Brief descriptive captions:
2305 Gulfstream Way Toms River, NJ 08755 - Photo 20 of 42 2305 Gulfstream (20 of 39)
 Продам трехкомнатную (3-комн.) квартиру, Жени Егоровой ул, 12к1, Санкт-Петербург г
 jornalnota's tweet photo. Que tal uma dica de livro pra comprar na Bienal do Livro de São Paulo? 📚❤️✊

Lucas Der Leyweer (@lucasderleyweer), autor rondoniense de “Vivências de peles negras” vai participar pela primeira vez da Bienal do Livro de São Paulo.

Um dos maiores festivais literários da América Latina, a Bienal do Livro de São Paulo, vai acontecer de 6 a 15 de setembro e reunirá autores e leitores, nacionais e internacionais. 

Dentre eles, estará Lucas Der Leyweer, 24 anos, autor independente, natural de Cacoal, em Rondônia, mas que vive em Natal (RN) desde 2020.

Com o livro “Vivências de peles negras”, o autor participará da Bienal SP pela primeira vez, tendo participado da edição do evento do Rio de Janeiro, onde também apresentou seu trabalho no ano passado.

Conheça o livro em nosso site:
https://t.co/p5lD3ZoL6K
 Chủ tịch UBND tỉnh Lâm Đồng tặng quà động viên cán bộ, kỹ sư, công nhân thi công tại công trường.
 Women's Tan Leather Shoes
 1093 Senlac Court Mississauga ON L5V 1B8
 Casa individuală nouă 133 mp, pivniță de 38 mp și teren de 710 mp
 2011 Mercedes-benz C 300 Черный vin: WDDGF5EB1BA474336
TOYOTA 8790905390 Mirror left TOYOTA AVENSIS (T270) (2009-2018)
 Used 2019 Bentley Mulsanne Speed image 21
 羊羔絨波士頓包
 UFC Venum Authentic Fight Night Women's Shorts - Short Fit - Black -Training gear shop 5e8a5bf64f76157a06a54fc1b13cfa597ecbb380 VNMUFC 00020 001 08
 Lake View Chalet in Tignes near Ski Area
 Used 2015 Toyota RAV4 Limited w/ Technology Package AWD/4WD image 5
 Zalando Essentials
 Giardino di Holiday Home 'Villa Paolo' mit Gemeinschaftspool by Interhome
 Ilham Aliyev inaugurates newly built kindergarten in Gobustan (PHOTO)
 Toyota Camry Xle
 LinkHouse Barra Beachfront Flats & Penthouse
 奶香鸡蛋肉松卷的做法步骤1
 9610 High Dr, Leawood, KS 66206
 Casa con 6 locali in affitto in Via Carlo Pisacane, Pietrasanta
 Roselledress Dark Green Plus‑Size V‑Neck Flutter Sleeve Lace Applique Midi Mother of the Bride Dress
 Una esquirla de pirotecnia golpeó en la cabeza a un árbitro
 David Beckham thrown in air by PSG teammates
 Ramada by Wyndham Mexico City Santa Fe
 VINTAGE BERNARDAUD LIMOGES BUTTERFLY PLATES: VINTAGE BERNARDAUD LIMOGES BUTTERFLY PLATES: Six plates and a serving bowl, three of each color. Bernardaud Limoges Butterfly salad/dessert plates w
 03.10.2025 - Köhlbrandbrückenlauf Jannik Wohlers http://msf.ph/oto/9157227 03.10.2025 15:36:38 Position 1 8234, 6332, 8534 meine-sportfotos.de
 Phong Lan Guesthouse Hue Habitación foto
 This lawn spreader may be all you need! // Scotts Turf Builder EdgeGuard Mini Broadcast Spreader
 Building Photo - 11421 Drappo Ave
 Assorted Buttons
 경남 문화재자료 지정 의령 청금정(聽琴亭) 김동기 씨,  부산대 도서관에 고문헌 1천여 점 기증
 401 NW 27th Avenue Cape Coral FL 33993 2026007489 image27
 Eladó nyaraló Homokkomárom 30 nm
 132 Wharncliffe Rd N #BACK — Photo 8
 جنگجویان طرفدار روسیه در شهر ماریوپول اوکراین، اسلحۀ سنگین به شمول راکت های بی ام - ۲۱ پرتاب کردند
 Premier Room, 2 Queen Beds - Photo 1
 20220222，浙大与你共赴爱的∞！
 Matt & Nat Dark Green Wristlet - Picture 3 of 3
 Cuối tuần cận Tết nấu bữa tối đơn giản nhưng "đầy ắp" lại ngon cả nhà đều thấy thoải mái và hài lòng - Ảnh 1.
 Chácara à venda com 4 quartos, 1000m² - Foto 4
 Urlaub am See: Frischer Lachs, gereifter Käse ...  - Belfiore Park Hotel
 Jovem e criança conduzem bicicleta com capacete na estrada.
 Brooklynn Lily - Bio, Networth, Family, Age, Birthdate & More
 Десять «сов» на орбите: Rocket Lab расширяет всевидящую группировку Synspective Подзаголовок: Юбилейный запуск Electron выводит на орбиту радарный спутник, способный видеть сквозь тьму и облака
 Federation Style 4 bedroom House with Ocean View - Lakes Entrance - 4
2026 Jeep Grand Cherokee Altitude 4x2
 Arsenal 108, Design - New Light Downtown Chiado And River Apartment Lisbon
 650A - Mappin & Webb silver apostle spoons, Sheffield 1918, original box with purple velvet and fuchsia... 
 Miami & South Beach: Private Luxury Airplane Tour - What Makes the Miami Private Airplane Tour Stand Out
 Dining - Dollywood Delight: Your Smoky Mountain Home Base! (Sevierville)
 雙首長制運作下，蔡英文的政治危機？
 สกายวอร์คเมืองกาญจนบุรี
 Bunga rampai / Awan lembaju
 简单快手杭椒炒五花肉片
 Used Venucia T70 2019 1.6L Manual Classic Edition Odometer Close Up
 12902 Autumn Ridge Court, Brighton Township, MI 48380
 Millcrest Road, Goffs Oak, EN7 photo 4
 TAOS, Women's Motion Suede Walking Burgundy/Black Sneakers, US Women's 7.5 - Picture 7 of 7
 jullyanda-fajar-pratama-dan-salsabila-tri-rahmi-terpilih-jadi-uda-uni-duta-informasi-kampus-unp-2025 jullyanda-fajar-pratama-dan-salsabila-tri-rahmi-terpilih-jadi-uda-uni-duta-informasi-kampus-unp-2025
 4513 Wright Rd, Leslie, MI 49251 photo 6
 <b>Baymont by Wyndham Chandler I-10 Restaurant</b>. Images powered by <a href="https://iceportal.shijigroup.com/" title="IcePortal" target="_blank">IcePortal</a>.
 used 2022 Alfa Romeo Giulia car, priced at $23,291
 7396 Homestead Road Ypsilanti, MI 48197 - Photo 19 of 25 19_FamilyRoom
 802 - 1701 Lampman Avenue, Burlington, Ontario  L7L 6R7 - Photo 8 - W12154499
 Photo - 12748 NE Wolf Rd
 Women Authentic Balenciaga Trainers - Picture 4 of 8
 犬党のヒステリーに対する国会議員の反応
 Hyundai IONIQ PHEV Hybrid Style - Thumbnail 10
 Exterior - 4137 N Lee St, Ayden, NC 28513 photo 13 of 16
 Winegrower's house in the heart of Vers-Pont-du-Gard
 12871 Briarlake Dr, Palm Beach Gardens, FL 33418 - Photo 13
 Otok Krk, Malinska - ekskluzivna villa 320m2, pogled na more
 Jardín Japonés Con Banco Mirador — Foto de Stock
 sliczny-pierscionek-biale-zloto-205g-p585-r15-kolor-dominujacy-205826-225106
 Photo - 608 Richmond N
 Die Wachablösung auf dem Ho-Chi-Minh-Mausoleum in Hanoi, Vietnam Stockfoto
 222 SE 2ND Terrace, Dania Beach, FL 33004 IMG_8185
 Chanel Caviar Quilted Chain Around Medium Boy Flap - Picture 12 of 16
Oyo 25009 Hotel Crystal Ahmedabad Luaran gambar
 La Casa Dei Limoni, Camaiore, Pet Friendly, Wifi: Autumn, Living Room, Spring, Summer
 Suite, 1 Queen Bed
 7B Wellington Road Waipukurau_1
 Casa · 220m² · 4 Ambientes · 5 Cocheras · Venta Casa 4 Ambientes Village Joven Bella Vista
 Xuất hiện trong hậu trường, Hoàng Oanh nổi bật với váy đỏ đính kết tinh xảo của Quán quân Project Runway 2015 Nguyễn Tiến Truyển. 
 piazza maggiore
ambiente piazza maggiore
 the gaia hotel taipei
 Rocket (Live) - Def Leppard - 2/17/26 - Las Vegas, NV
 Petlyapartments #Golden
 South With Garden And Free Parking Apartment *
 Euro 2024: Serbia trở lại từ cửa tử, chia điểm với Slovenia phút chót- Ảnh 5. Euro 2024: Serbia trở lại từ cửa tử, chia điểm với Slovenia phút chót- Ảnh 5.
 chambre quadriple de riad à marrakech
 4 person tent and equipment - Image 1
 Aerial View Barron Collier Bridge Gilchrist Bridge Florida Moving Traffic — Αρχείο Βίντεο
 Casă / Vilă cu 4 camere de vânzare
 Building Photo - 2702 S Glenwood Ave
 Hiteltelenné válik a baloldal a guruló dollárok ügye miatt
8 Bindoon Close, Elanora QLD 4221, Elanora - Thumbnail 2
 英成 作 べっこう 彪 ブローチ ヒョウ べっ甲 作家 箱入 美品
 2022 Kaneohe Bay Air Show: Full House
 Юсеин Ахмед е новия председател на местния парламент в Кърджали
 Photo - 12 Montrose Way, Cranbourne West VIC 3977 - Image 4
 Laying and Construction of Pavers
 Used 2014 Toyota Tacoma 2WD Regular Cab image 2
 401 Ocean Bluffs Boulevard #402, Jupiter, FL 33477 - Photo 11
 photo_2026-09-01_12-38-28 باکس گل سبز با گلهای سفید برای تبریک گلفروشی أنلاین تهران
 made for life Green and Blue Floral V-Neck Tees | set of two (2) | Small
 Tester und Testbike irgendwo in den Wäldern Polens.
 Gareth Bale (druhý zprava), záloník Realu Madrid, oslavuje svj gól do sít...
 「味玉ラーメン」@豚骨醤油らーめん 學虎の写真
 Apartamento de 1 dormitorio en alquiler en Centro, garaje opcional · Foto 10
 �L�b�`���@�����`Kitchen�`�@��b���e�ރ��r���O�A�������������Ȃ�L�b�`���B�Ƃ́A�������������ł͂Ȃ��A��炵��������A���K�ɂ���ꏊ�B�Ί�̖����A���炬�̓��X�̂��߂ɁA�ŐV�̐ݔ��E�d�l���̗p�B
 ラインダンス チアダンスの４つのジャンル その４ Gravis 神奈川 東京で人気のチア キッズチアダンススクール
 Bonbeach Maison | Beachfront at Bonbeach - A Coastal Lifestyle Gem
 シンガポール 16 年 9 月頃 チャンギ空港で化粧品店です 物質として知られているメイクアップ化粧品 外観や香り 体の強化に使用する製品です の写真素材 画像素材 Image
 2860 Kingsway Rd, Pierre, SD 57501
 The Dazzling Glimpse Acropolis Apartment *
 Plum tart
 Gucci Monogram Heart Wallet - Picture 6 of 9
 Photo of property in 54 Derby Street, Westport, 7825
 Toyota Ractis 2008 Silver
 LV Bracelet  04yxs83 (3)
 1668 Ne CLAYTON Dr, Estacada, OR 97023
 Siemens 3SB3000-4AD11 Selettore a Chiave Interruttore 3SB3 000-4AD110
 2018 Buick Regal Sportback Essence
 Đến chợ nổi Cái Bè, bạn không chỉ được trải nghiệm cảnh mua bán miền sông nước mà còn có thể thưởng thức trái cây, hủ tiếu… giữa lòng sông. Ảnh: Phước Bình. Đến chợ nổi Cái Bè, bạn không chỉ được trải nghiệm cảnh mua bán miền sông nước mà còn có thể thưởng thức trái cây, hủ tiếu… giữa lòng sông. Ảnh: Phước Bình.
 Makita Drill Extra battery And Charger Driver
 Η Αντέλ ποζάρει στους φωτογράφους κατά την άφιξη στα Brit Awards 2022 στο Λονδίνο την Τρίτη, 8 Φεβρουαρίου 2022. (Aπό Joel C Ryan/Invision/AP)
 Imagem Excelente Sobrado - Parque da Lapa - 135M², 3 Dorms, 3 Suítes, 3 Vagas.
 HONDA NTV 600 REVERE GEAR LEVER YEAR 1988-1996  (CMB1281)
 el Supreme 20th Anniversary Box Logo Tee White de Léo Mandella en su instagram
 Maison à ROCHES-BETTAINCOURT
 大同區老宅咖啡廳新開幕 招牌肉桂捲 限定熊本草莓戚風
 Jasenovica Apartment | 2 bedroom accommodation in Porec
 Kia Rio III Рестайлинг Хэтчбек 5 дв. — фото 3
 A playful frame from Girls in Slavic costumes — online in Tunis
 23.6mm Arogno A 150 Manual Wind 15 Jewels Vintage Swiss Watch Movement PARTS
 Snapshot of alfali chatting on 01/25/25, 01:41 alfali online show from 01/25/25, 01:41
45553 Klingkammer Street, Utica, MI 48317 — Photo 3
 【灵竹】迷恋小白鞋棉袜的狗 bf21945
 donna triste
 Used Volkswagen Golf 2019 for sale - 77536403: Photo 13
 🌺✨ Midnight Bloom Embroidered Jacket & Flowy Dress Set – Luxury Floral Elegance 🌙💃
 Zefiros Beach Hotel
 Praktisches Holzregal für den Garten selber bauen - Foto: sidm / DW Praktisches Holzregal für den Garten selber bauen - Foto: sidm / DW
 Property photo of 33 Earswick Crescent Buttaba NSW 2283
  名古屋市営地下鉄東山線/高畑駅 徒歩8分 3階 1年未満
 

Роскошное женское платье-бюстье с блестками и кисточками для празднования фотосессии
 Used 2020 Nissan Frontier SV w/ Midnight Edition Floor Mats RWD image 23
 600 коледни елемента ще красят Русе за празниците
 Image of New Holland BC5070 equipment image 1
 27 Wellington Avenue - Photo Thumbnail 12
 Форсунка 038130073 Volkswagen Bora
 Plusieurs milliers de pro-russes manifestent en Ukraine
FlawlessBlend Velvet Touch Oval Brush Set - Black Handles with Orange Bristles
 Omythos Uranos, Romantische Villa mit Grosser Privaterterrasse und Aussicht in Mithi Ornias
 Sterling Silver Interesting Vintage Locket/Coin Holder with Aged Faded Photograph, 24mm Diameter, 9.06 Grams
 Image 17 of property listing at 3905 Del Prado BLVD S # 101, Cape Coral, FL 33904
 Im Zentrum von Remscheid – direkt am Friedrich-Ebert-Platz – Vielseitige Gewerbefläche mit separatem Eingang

__Task requirements__
Reproduce the lines of the entries above from the one with "7B Wellington Road Waipukurau_1" to the one with "Laying and Construction of Pavers", both included, exactly and without any other line.

__Exercise response__
 7B Wellington Road Waipukurau_1
 Casa · 220m² · 4 Ambientes · 5 Cocheras · Venta Casa 4 Ambientes Village Joven Bella Vista
 Xuất hiện trong hậu trường, Hoàng Oanh nổi bật với váy đỏ đính kết tinh xảo của Quán quân Project Runway 2015 Nguyễn Tiến Truyển. 
 piazza maggiore
ambiente piazza maggiore
 the gaia hotel taipei
 Rocket (Live) - Def Leppard - 2/17/26 - Las Vegas, NV
 Petlyapartments #Golden
 South With Garden And Free Parking Apartment *
 Euro 2024: Serbia trở lại từ cửa tử, chia điểm với Slovenia phút chót- Ảnh 5. Euro 2024: Serbia trở lại từ cửa tử, chia điểm với Slovenia phút chót- Ảnh 5.
 chambre quadriple de riad à marrakech
 4 person tent and equipment - Image 1
 Aerial View Barron Collier Bridge Gilchrist Bridge Florida Moving Traffic — Αρχείο Βίντεο
 Casă / Vilă cu 4 camere de vânzare
 Building Photo - 2702 S Glenwood Ave
 Hiteltelenné válik a baloldal a guruló dollárok ügye miatt
8 Bindoon Close, Elanora QLD 4221, Elanora - Thumbnail 2
 英成 作 べっこう 彪 ブローチ ヒョウ べっ甲 作家 箱入 美品
 2022 Kaneohe Bay Air Show: Full House
 Юсеин Ахмед е новия председател на местния парламент в Кърджали
 Photo - 12 Montrose Way, Cranbourne West VIC 3977 - Image 4
 Laying and Construction of Pavers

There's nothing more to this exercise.